## Records for the task
"""

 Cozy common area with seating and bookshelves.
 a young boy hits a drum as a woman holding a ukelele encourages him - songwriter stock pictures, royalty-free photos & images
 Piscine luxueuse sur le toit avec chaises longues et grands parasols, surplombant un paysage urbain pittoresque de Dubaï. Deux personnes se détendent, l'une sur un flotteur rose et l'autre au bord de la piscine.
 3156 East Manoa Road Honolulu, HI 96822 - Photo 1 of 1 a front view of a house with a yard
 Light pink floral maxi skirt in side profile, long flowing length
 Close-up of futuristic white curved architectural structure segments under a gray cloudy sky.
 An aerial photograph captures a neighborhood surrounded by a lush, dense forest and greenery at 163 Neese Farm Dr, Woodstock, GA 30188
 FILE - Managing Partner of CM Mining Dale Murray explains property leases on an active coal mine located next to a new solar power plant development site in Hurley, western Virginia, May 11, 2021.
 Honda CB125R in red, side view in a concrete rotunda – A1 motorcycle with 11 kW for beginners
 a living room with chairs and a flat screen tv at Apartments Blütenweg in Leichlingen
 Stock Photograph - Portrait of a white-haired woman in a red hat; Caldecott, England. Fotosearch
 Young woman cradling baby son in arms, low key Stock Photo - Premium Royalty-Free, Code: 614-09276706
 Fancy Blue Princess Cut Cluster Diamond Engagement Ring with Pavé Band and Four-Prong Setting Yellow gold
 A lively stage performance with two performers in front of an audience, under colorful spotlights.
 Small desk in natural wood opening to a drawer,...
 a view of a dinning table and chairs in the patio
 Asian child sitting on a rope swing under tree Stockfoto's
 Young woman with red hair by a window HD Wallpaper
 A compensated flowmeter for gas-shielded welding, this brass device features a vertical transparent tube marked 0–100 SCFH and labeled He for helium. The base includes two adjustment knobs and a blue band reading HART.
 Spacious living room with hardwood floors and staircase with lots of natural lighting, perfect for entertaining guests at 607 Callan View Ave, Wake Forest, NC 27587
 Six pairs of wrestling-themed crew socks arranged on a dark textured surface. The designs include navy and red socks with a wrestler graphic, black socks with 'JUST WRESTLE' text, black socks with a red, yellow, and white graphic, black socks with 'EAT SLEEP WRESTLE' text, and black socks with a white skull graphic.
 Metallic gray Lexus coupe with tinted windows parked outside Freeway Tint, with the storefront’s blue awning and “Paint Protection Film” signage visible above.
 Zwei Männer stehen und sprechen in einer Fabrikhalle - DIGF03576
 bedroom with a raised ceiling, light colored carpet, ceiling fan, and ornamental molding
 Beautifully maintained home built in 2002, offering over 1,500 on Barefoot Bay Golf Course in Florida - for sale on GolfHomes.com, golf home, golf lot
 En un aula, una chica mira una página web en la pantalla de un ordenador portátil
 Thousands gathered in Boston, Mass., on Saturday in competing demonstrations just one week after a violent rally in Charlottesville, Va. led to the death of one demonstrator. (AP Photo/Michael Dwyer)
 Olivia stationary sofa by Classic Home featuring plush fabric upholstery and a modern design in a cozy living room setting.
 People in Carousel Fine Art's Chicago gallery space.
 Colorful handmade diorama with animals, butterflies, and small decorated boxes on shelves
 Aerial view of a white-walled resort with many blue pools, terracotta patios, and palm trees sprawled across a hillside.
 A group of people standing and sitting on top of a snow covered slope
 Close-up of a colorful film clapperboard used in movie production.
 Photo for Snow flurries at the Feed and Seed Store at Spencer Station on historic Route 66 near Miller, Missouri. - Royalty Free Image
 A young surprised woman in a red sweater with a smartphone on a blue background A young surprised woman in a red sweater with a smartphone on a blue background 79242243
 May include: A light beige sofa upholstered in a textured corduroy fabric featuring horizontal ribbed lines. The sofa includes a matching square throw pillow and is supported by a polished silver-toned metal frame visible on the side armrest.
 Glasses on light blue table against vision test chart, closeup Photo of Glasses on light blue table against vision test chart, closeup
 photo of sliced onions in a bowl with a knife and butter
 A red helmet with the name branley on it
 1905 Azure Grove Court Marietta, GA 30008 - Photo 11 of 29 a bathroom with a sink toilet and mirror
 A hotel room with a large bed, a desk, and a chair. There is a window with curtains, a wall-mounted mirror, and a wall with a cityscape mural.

"""

## Try it
The whole listing above needs to be written out exactly.

## Exercise response
 Cozy common area with seating and bookshelves.
 a young boy hits a drum as a woman holding a ukelele encourages him - songwriter stock pictures, royalty-free photos & images
 Piscine luxueuse sur le toit avec chaises longues et grands parasols, surplombant un paysage urbain pittoresque de Dubaï. Deux personnes se détendent, l'une sur un flotteur rose et l'autre au bord de la piscine.
 3156 East Manoa Road Honolulu, HI 96822 - Photo 1 of 1 a front view of a house with a yard
 Light pink floral maxi skirt in side profile, long flowing length
 Close-up of futuristic white curved architectural structure segments under a gray cloudy sky.
 An aerial photograph captures a neighborhood surrounded by a lush, dense forest and greenery at 163 Neese Farm Dr, Woodstock, GA 30188
 FILE - Managing Partner of CM Mining Dale Murray explains property leases on an active coal mine located next to a new solar power plant development site in Hurley, western Virginia, May 11, 2021.
 Honda CB125R in red, side view in a concrete rotunda – A1 motorcycle with 11 kW for beginners
 a living room with chairs and a flat screen tv at Apartments Blütenweg in Leichlingen
 Stock Photograph - Portrait of a white-haired woman in a red hat; Caldecott, England. Fotosearch
 Young woman cradling baby son in arms, low key Stock Photo - Premium Royalty-Free, Code: 614-09276706
 Fancy Blue Princess Cut Cluster Diamond Engagement Ring with Pavé Band and Four-Prong Setting Yellow gold
 A lively stage performance with two performers in front of an audience, under colorful spotlights.
 Small desk in natural wood opening to a drawer,...
 a view of a dinning table and chairs in the patio
 Asian child sitting on a rope swing under tree Stockfoto's
 Young woman with red hair by a window HD Wallpaper
 A compensated flowmeter for gas-shielded welding, this brass device features a vertical transparent tube marked 0–100 SCFH and labeled He for helium. The base includes two adjustment knobs and a blue band reading HART.
 Spacious living room with hardwood floors and staircase with lots of natural lighting, perfect for entertaining guests at 607 Callan View Ave, Wake Forest, NC 27587
 Six pairs of wrestling-themed crew socks arranged on a dark textured surface. The designs include navy and red socks with a wrestler graphic, black socks with 'JUST WRESTLE' text, black socks with a red, yellow, and white graphic, black socks with 'EAT SLEEP WRESTLE' text, and black socks with a white skull graphic.
 Metallic gray Lexus coupe with tinted windows parked outside Freeway Tint, with the storefront’s blue awning and “Paint Protection Film” signage visible above.
 Zwei Männer stehen und sprechen in einer Fabrikhalle - DIGF03576
 bedroom with a raised ceiling, light colored carpet, ceiling fan, and ornamental molding
 Beautifully maintained home built in 2002, offering over 1,500 on Barefoot Bay Golf Course in Florida - for sale on GolfHomes.com, golf home, golf lot
 En un aula, una chica mira una página web en la pantalla de un ordenador portátil
 Thousands gathered in Boston, Mass., on Saturday in competing demonstrations just one week after a violent rally in Charlottesville, Va. led to the death of one demonstrator. (AP Photo/Michael Dwyer)
 Olivia stationary sofa by Classic Home featuring plush fabric upholstery and a modern design in a cozy living room setting.
 People in Carousel Fine Art's Chicago gallery space.
 Colorful handmade diorama with animals, butterflies, and small decorated boxes on shelves
 Aerial view of a white-walled resort with many blue pools, terracotta patios, and palm trees sprawled across a hillside.
 A group of people standing and sitting on top of a snow covered slope
 Close-up of a colorful film clapperboard used in movie production.
 Photo for Snow flurries at the Feed and Seed Store at Spencer Station on historic Route 66 near Miller, Missouri. - Royalty Free Image
 A young surprised woman in a red sweater with a smartphone on a blue background A young surprised woman in a red sweater with a smartphone on a blue background 79242243
 May include: A light beige sofa upholstered in a textured corduroy fabric featuring horizontal ribbed lines. The sofa includes a matching square throw pillow and is supported by a polished silver-toned metal frame visible on the side armrest.
 Glasses on light blue table against vision test chart, closeup Photo of Glasses on light blue table against vision test chart, closeup
 photo of sliced onions in a bowl with a knife and butter
 A red helmet with the name branley on it
 1905 Azure Grove Court Marietta, GA 30008 - Photo 11 of 29 a bathroom with a sink toilet and mirror
 A hotel room with a large bed, a desk, and a chair. There is a window with curtains, a wall-mounted mirror, and a wall with a cityscape mural.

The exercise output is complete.